As duas pesquisadoras criaram o conceito juntas ao analisar os modos pelos quais a desigualdade entre gêneros estava sendo reconfigurada a partir da ideia da confiança feminina. O discurso de "confie em si mesma", muitas vezes, começou a aparecer em campanhas publicitárias que marcaram época e se tornaram clássicas, como a Beleza Real, da Dove.
“Onde quer que você olhe – na publicidade sobre a imagem corporal, em livros sobre como ser uma boa mãe, aconselhamento sexual e em relacionamento, e talvez especialmente em relação ao local de trabalho –, há uma ênfase realmente dramática sobre a autoconfiança feminina”, afirmou Gill em entrevista à revista Matrizes, da USP.
Em seu livro, as sociólogas esclarecem que não estão criticando a confiança em si, mas a cultura que se cria em torno dela, ou seja, a fetichização da ideia de confiança e uso disso para fins comerciais. Além disso, o foco no individual (na confiança pessoal do indivíduo) acaba por deslocar o problema de seu lugar estrutural.
“Embora, em um nível, não haja nada errado com isso [ser confiante], o problema dessa rígida ênfase na confiança é que ela desloca todas as questões sobre por que isso deve ser assim e, implicitamente, coloca a culpa nas mulheres por sua suposta falta de confiança interna, responsabilizando-as pelo próprio trabalho de se tornarem sujeitos mais confiantes”, explicou Gill.
O livro ainda esclarece que a ideia da confiança se tornou uma espécie de culto – transformou-se em algo que se relaciona ao campo da fé. “É como um culto por conta da forma como foi colocado além do debate: quem poderia ser contra a confiança? Ninguém poderia argumentar contra isso porque é dado como tão certo. Acho que é bom desconfiar das coisas que são colocadas naquele espaço onde não podem ser interrogadas”, pontuou Gill em entrevista ao portal Vox. Sendo assim, por seu caráter impositivo, o “culto da confiança” acaba por se tornar mais negativo do que positivo.
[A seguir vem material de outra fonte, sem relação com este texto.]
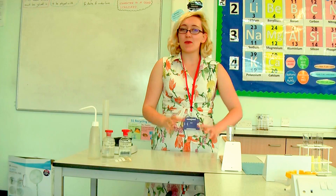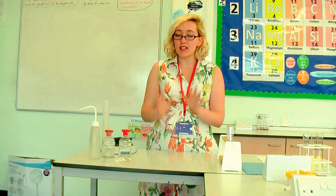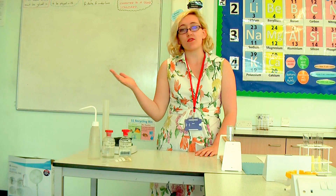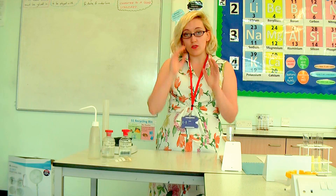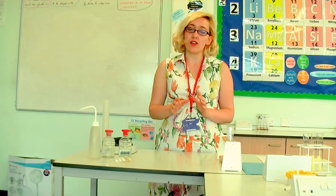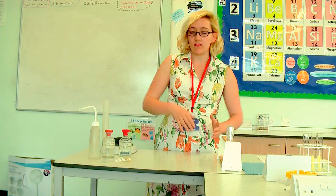Hello everyone, and today we're going to be doing the AQA biology required practical on osmosis. We are going to be looking at how potato cells take in or lose water when we add them into different concentrations of sugar solutions. You should already know that in osmosis, if a solution has got more water in it than the potato, the water will move from the surrounding solution into the potato.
As sociólogas Shani Orgad e Rosalind Gill. (Fonte: Financial Times)
Orgad e Gill ainda denunciam que a popularização de livros muito vendidos, que também operam a partir desse culto – best-sellers como A arte sutil de ligar o f*da-se, de Mark Manson, e A coragem de ser imperfeito, de Brené Brown – acabam por vender autoajuda por meio de um discurso de “antiautoajuda”.
“[São obras] sobre olhar para dentro. É sobre você, como pessoa, devia estar trabalhando em si mesmo, reconhecendo como está enfrentando vulnerabilidade. Não é correspondido por nenhum apelo, por exemplo, para investir no desenvolvimento de uma comunidade que apoie os vulneráveis”, explicou Orgad.
Portanto, esse tipo de autoajuda individualiza ao personalizar os conflitos e sugerir que as ações estejam apenas no plano do individual, acabam desestimulando que as pessoas pensem no coletivo ou pelo menos se coloquem no lugar de qualquer sujeito que não esteja em "sua bolha".
“Em última análise, [o culto à confiança] torna-se mais um local de privilégio, porque pessoas muito específicas podem se dar ao luxo de ser e serem vistas como vulneráveis”, arrematou Orgad ao portal Vox.